Naser makes music for peace

 

Rebecca Spence

Hani Naser began playing the oud at 7 and still has the same nearly 70-year-old instrument.

TOPANGA, Calif. (JTA)—Few world musicians get to play with rock bands, but 15 years ago, Hani Naser christened his new electric oud performing “Blister in the Sun” with The Violent Femmes.

In May, when the 1980s folk-punk band reunited at the Bottlerock Music Festival in Napa Valley, Calif., Naser joined in again, strutting his stuff alongside Femmes front man Gordon Gano, this time playing the hand drums.

A master percussionist and oud player, Naser has made music with the likes of Ry Cooder, Bonnie Raitt and Santana. But he’s also used his talents to advance peace in the Middle East.

Along with Israeli music legend David Broza, Naser has performed across Israel and, in 2011, at a unity concert at Sinai Temple in Los Angeles. The pair were even invited to perform for King Hussein and Prime Minister Yitzhak Rabin to commemorate the signing of the Israeli-Jordanian peace treaty, but Rabin was assassinated before the concert took place.


In an email, Broza described Naser as “one who deeply wants to see peace in the world.”

“His playing is unique,” Broza said. “It fuses Arabian rhythms and Western grooves.”

Naser’s comfort in different cultures can be traced back to his birth in the mountain village of Ermameen, Jordan. Naser is the son of a Christian family with roots in Nazareth whose ancestors are said to have converted from Judaism some 2,000 years ago. At 7 months old, the family moved to New York.

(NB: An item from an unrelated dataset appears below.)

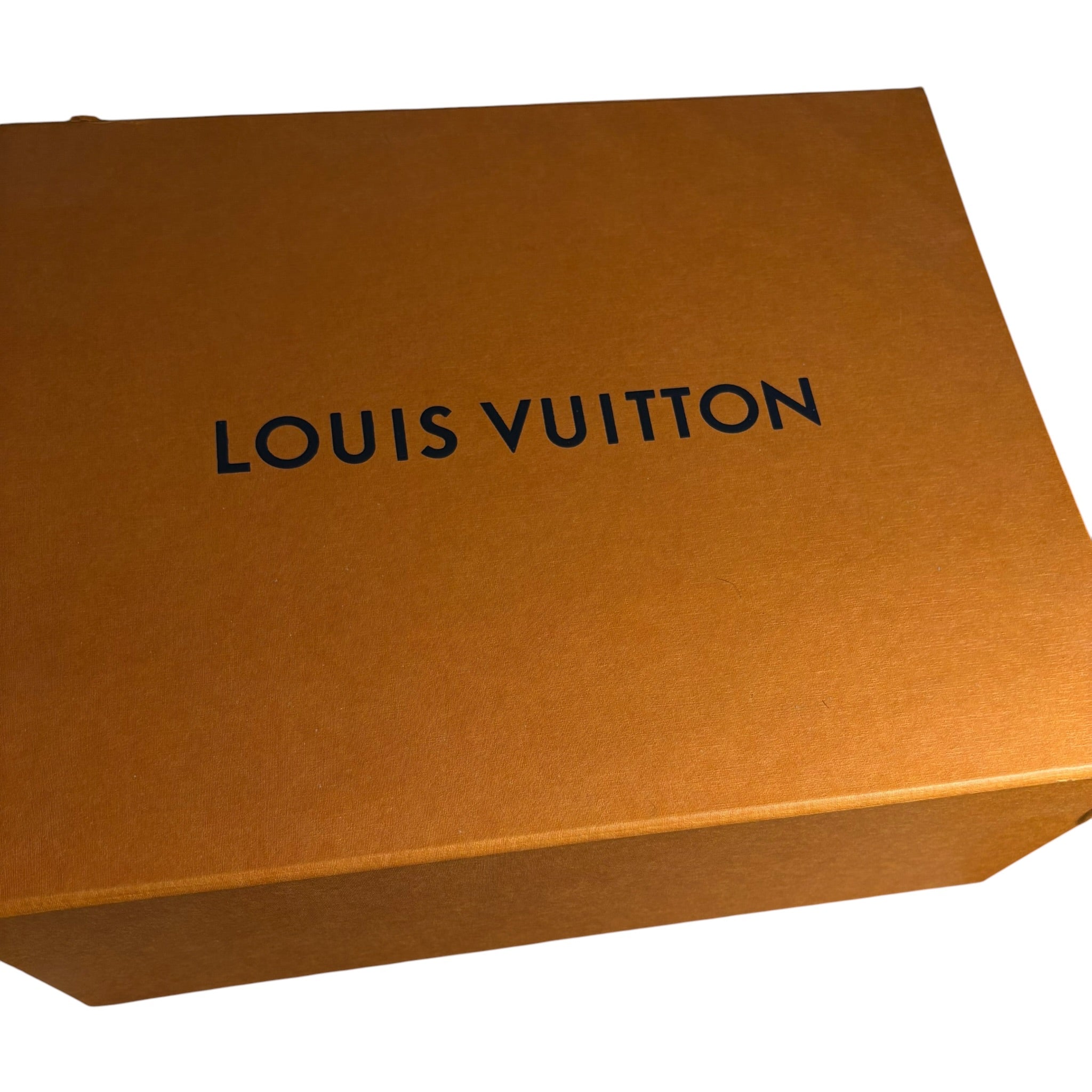 Louis Vuitton Trainer (6)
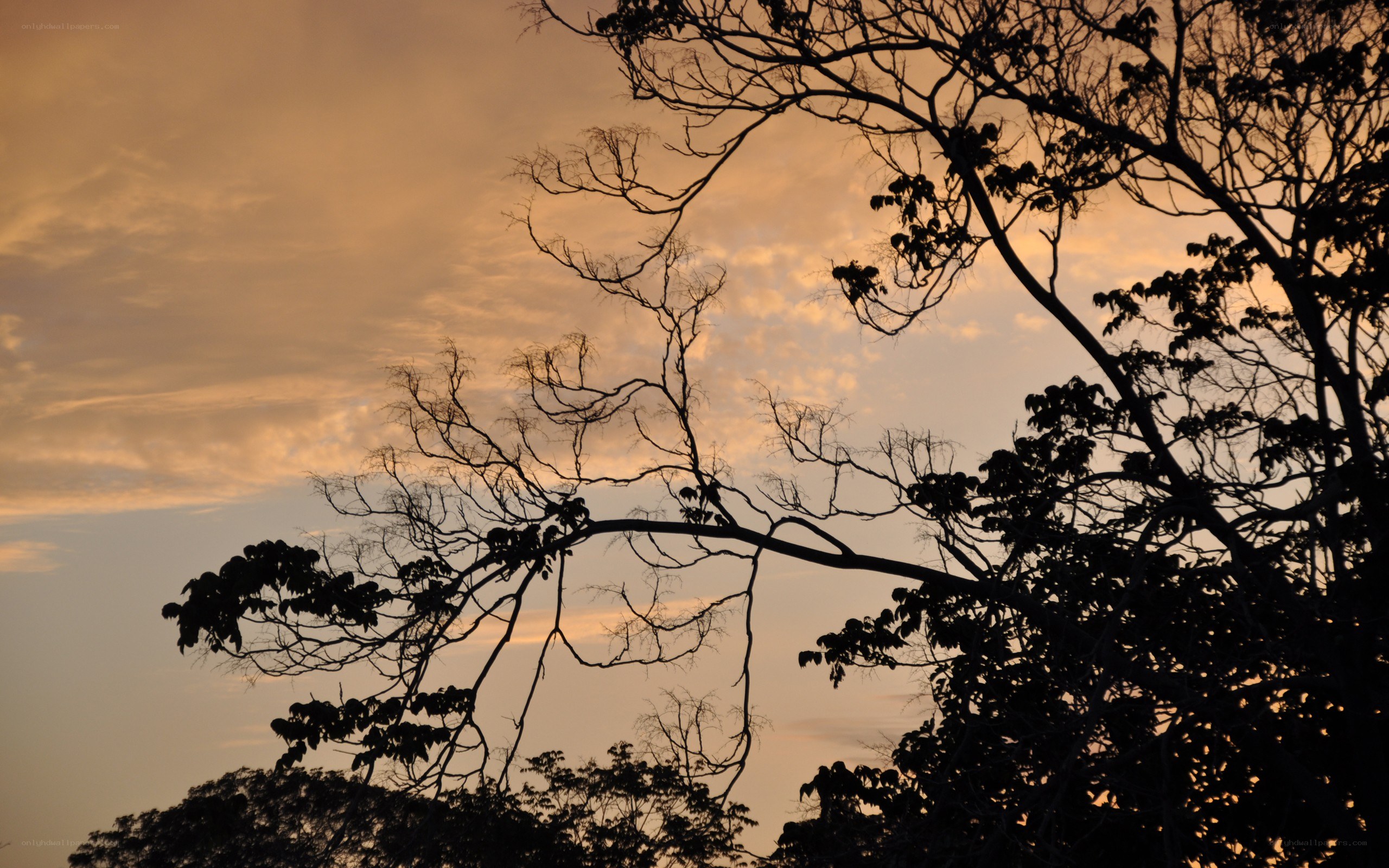 Silhouetted trees at sunset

He spent his childhood in suburban Westchester County and as a teenager would take the train into Manhattan, staying out all night to hear Bob Dylan, Joan Baez and the beatnik poets who were fixtures at the clubs and cafes of Greenwich Village in the 1960s.


At the same time, Naser was exposed to Latin rhythms at the city’s Cuban and Flamenco clubs. At home, he heard the sounds of such Arabic music legends as Oum Kalthoum and Fairuz.

“It was a melting pot of cultures,” Naser said. “As a musician, it was like cooking an amazing meal, with a little spice from here, a taste from there.”

When Naser, who prefers not to give his age, is not touring with The Violent Femmes or Broza, he’s playing with his own Hani Naser Band, which he describes as a “world music jam band.”

On a recent Tuesday morning, after rolling a joint and fixing a cup of fresh mint tea (served in a small glass cup, as is the Middle Eastern custom), Naser showed off one of his most prized instruments: a hand drum covered with the skin of a Nile perch and decorated with the English words “Peace through Music” on one side and the Arabic words for “Arts and Ecstasy” on the other.


“I never cared for politics because it led to one thing and one thing only—how to overpower the other side,” Naser said. But with music, “there’s a whole other mindset that kicks in. It’s not about the politics or the military strategy, it’s about what people are feeling.”

Naser has no formal music training. At 7, he began playing the oud after his mother returned from Jordan holding the pear-shaped string instrument in her hand. He still has the nearly 70-year-old instrument, which he plays every morning on the patio of his Topanga Canyon home, a rustic, airy paradise perched high above Los Angeles.


Naser credits his love of rhythm in part to listening to his grandfather, Abu Farham, recite poetry as he ground freshly roasted coffee beans with a wooden stick each morning. Naser was just a toddler at the time, but the sounds infused his spirit, and by the time he was in high school, he had started his own rock band.

“I didn’t know it was world music,” he said of his adolescent venture. “But that’s what it was.”

In the 1990s, while touring with guitarist David Lindley, Naser got a call from Seeds of Peace, the nonprofit organization that brings together youth from war-torn regions for conflict resolution work at a summer camp in Maine. Naser jumped at the chance to work with the group and soon began playing benefit concerts.

Since then, he’s also performed benefit concerts for the joint Palestinian-Jewish village Neve Shalom/Wahat al-Salam, or Oasis of Peace, co-founded by Broza’s grandfather. And in 2004, Naser played a concert in support of land-mine survivors at the U.N. General Assembly.

Asked whether he’s frustrated by the slow pace of peace in the Middle East and the many lost opportunities since he was invited to play for Hussein and Rabin, Naser shook his head.

“There was a possibility for peace,” he said. “And when you know it’s possible, you know it can happen again.”